The diaphragm model is borrowed from osteopathy. There are 7 primary diaphragms, distributed up and down the body from the plantar diaphragm in the sole of the foot to the Calvaria at the dome of the head. In terms of trauma physiology, it is an extraordinarily useful framework for working with movement, brace, and collapse anywhere in the energy body, including the pelvis.

These 7 diaphragms function like a series of bells on a string. If one bell vibrates, they all begin to vibrate in resonance. Thus, both the braced and collapsed states in any one diaphragm are transmitted to all the others—and will influence the function of the organs and tissues contained between them. In survivors of complex trauma, the diaphragms help manage what is essentially intolerable terror. Carrying either a brace or a collapse state in the diaphragm system can help a survivor feel “safe enough” – even though function of the organs between affected diaphragms is profoundly compromised in either of these states.

This model allows providers to access the entire energy body. They must be engaged cautiously because of the potential for eliciting whole-body arousal and overwhelm as well as whole-body regulation.  This capacity to transmit information allows a clinician to, for example, work with the respiratory diaphragm to influence the next proximal diaphragm – in this case either the shoulder or the pelvic diaphragms – and the function of all the organs located between them.
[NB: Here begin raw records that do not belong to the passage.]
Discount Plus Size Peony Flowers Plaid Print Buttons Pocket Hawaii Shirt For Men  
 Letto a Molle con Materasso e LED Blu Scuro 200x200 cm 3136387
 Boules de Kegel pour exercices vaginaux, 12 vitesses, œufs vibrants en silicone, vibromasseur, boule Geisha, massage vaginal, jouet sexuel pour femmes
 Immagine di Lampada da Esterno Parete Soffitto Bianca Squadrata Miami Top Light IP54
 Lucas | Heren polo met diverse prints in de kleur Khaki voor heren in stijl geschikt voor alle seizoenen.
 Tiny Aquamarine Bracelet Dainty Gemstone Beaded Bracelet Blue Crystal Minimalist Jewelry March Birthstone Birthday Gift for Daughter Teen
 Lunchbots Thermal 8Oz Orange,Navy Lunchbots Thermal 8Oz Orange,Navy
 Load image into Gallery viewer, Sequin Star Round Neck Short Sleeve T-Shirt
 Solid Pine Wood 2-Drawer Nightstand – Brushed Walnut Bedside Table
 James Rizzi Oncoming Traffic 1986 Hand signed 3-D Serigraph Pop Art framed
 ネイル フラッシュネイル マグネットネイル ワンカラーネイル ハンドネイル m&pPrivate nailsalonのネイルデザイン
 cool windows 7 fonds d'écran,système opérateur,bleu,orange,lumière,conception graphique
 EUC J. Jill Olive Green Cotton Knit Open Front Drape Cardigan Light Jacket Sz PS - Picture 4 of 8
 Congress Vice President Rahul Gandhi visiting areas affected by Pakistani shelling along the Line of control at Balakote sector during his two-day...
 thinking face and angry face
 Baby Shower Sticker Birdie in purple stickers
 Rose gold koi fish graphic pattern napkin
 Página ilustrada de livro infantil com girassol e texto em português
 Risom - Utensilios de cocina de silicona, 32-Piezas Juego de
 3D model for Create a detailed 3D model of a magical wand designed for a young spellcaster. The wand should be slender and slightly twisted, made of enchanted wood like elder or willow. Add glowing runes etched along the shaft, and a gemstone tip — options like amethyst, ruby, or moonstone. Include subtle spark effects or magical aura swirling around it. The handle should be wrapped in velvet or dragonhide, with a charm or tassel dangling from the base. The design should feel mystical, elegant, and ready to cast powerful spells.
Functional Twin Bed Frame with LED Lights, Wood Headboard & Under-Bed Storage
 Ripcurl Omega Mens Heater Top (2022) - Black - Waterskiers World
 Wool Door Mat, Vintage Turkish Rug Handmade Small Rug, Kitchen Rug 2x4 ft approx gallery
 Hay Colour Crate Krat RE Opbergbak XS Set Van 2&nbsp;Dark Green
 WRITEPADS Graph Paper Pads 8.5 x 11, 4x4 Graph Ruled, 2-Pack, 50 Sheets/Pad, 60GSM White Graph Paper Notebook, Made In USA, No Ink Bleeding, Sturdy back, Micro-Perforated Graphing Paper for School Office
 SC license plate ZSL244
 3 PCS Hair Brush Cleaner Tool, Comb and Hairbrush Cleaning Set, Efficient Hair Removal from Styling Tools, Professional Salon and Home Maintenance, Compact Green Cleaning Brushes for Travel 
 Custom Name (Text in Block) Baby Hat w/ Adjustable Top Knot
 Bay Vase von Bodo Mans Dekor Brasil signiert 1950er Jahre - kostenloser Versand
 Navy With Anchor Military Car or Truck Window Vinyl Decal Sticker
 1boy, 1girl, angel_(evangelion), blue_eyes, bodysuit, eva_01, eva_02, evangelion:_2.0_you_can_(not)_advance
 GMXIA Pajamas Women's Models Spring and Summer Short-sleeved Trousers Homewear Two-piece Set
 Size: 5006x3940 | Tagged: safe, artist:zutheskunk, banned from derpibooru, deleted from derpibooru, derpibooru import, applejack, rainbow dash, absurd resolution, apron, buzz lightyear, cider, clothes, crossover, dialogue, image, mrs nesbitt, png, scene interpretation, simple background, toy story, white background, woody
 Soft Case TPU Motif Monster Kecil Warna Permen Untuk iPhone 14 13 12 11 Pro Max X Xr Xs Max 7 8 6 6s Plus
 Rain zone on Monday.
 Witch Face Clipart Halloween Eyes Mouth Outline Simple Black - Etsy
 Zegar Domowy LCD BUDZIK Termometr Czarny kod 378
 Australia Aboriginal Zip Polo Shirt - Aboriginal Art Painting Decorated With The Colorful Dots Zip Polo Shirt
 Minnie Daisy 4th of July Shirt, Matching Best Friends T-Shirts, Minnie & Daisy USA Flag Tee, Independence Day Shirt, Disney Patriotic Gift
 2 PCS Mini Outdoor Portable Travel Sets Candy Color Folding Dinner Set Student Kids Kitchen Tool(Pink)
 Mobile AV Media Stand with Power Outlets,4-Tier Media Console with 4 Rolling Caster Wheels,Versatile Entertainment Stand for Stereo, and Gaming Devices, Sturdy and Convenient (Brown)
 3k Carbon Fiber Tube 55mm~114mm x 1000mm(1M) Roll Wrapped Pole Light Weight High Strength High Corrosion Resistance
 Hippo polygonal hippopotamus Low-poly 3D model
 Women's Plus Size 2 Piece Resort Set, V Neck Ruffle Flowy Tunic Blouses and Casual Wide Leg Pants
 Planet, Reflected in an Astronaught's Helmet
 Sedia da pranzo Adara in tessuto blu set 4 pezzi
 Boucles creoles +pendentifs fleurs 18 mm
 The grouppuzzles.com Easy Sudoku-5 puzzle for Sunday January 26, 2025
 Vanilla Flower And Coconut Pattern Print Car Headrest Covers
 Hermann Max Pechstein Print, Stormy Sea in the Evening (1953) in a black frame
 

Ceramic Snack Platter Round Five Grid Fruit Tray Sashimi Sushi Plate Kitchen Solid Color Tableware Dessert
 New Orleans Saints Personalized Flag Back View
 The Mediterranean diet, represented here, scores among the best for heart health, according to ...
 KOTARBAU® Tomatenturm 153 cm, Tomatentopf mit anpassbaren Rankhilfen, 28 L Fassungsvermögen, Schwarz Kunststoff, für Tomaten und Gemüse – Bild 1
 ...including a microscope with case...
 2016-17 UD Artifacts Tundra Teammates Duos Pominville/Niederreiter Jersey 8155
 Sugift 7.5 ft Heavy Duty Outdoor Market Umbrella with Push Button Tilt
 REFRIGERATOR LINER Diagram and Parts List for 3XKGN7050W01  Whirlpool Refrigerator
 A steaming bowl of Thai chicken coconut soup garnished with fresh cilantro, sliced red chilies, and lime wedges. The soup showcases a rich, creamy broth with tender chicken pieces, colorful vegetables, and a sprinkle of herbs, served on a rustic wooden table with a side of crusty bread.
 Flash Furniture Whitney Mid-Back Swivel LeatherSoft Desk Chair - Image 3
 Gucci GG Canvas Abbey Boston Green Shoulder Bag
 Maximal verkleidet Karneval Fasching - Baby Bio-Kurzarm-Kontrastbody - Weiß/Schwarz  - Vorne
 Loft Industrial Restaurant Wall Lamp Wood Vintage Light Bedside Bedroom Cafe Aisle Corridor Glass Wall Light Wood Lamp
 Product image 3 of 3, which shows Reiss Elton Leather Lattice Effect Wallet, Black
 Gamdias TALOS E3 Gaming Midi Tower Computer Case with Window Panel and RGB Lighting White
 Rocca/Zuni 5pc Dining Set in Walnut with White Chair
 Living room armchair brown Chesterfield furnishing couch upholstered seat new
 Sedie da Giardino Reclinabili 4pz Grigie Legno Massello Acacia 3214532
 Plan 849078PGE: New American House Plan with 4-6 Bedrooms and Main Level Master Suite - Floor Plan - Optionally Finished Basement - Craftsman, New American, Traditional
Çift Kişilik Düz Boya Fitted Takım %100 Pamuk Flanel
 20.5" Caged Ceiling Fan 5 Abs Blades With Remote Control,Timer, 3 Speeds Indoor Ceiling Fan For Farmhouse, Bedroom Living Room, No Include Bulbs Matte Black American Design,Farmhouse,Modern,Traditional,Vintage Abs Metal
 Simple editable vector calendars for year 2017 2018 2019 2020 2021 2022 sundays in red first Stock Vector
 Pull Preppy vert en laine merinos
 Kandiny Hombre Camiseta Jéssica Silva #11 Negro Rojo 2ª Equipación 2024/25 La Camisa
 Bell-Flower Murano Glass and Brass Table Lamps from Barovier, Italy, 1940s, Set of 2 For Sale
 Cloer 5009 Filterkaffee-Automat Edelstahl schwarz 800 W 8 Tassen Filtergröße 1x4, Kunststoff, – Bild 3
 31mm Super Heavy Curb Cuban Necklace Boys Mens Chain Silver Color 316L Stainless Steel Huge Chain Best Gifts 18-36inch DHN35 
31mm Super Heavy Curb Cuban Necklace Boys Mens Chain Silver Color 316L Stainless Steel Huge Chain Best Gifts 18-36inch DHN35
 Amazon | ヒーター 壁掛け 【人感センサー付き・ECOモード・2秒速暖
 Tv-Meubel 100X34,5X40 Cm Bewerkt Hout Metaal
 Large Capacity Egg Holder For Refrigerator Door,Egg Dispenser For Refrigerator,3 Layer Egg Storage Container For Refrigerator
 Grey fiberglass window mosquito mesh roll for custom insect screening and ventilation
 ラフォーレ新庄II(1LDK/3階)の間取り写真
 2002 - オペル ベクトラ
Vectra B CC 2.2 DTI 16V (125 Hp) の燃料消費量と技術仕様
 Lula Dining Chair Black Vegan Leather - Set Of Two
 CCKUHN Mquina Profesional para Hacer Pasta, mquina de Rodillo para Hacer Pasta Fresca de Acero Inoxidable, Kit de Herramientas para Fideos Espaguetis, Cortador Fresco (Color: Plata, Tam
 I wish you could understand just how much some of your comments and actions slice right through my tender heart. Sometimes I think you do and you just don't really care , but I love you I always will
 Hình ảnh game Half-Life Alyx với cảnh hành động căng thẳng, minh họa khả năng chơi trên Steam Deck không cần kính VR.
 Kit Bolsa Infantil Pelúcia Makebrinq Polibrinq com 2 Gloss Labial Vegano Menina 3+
This can be particularly useful when contacting the pelvis directly could be overwhelming for a survivor of sexual trauma.

Chinese medicine similarly divides the body into compartments that it calls the 3 Jiao – the chest, the belly and the abdomen. Each Jiao serves to separate and protect the integrity of broad body functions as well as providing a structure to protect the organs and absorb both physical and emotional shock.  Using the diagnostic model of the Five Elements of AAM and its mirror in the Self-Protective Response of neurobiology can help providers discern which organ and thus what diaphragms will be most useful to restoring essential regulation in the energy body of each unique survivor.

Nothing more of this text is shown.